An additional factor was the Roman Catholic response to scientific innovation. Although Athanasius Kircher was near the cutting edge, science was seen as alchemical, and al-quimia was a Muslim craft, therefore heretical. When the same alchemist who'd got the Counts of Hoornes and Egmont executed for that reeason in 1568 resurfaced in 1618, he immediately demonstrated to Jan van Helmont, overthrowing the good Doctor's paracelsian thinking and starting him on the course of empirical observation, which led through his son, the fruit of celebrating his sudden wealth, becoming Leibnitz' mentor. Where the Inquisition could stop Galileo, nobody could stop Newton and the rest of Protestant Northern Europe. So where we had the Freemasonic Royal Society promoting steam, France had a wastrel monarchy playing shepherdesses.

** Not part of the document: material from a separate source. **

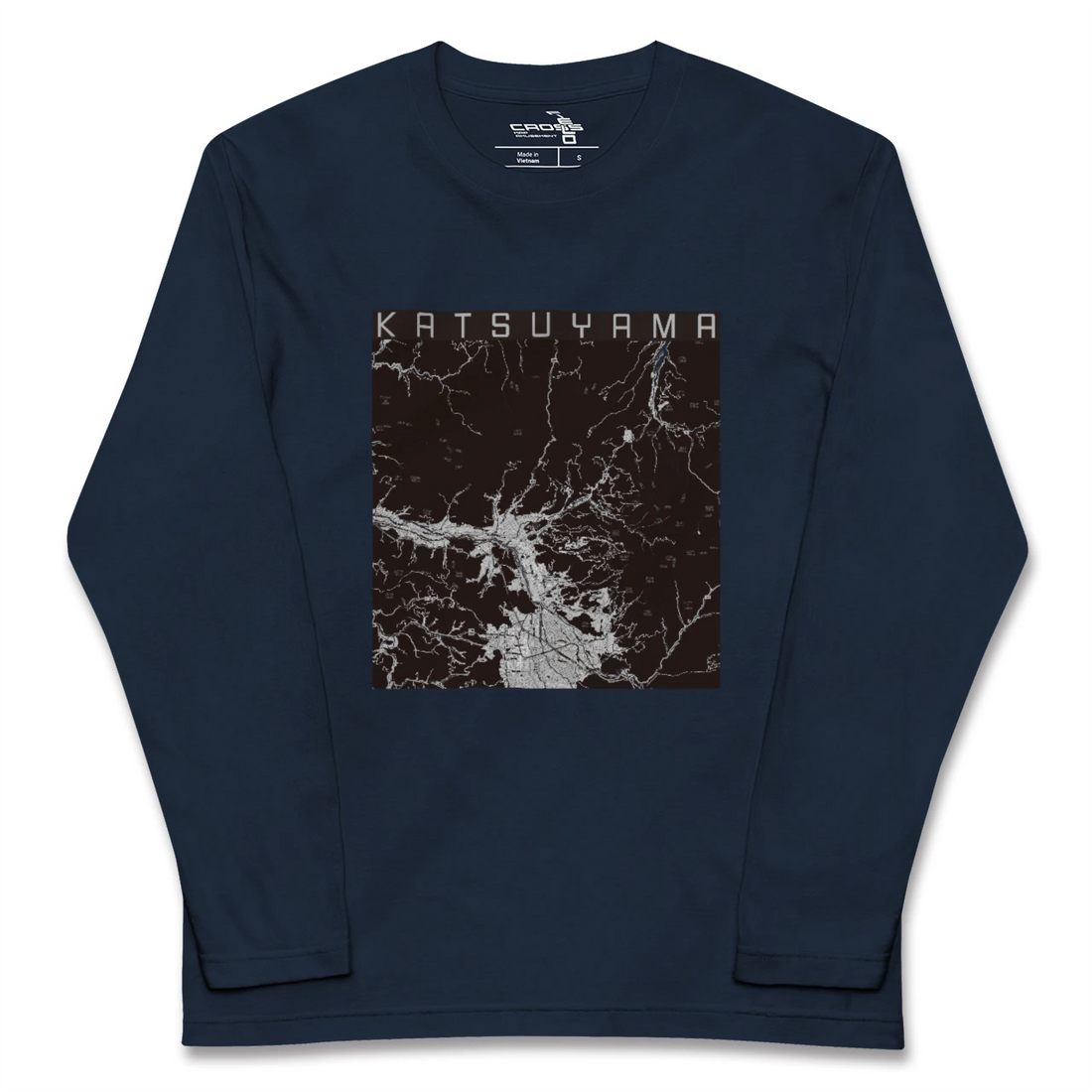 【勝山（福井県）】地図柄ロングスリーブTシャツ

However, industrialisation sought efficiency, and efficiency wasn't always safety-conscious. As a result, quality declined, and craft skills gained an edge. This became significant in the 19th Century Arts-and-Crafts movement, which actually brought the sense of industry back up to scratch, through Quaker and Methodist bosses. It's a lesson we've never forgotten: our success in sorting the ventilator shortage in just 5 days in March last year has given British Industry its mojo back. Prince Philip had had a hand in that in the 1980s, working with my dad to create the cooedination mechanism.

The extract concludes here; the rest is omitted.